[Records drawn from a dataset]
__________

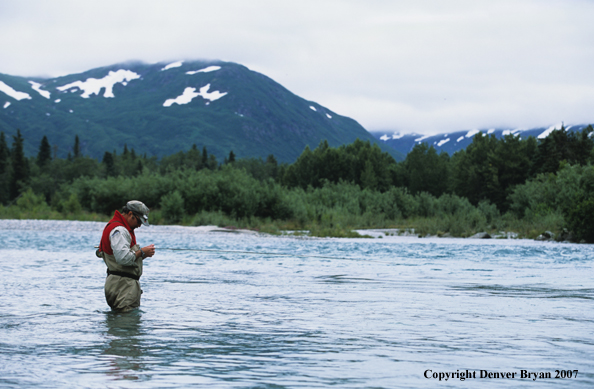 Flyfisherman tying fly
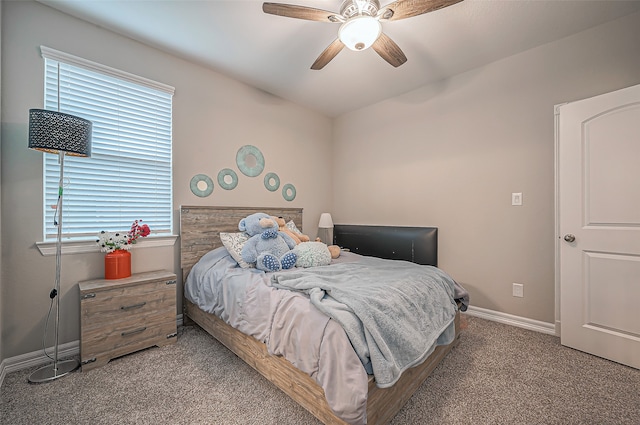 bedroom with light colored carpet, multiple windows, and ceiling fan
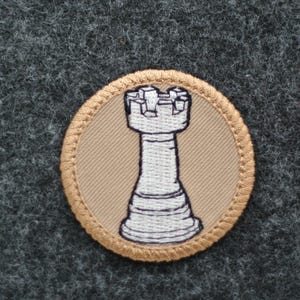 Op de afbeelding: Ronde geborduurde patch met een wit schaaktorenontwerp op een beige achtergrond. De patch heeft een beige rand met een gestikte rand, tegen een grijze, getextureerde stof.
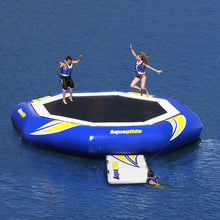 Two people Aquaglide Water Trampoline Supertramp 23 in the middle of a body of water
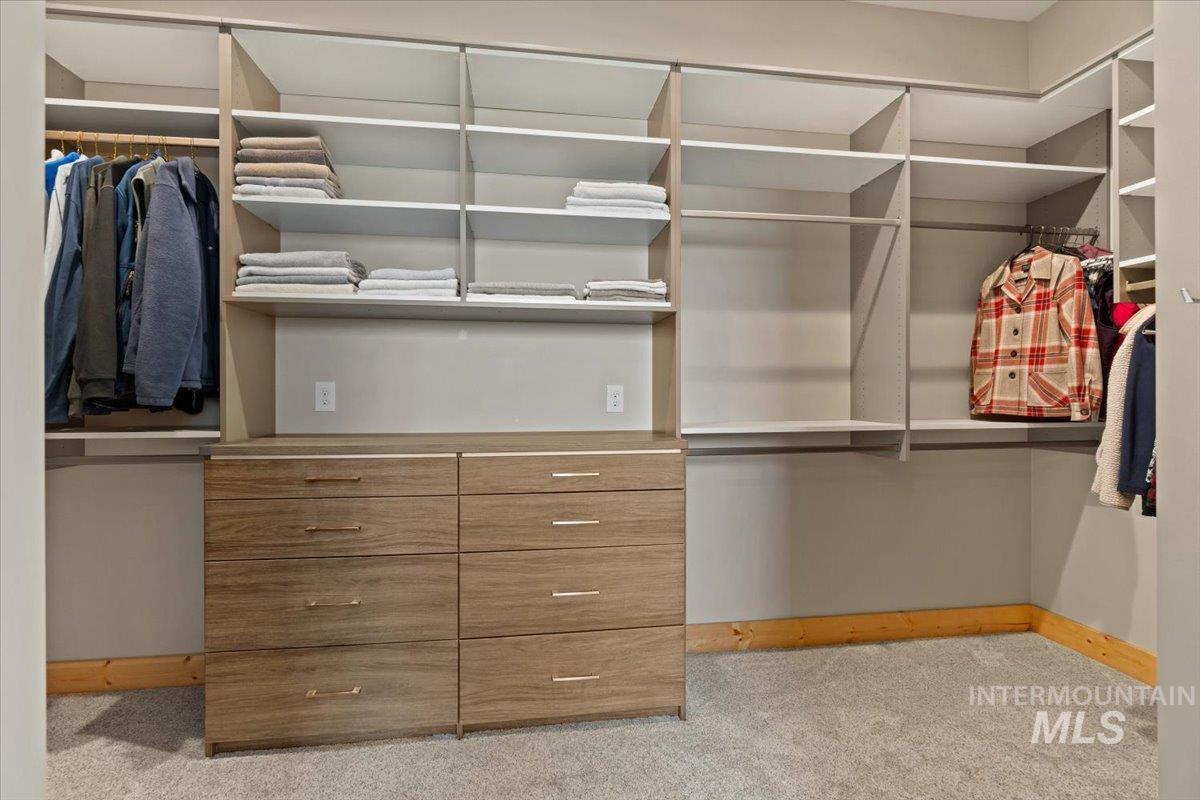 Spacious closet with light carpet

__________

• _Exercise prompt_: Leave the pictures aside and print exactly, and only, the lines from the one with "Two people Aquaglide" through the end of the data, both included.

• _Written response_:
 Two people Aquaglide Water Trampoline Supertramp 23 in the middle of a body of water
 Spacious closet with light carpet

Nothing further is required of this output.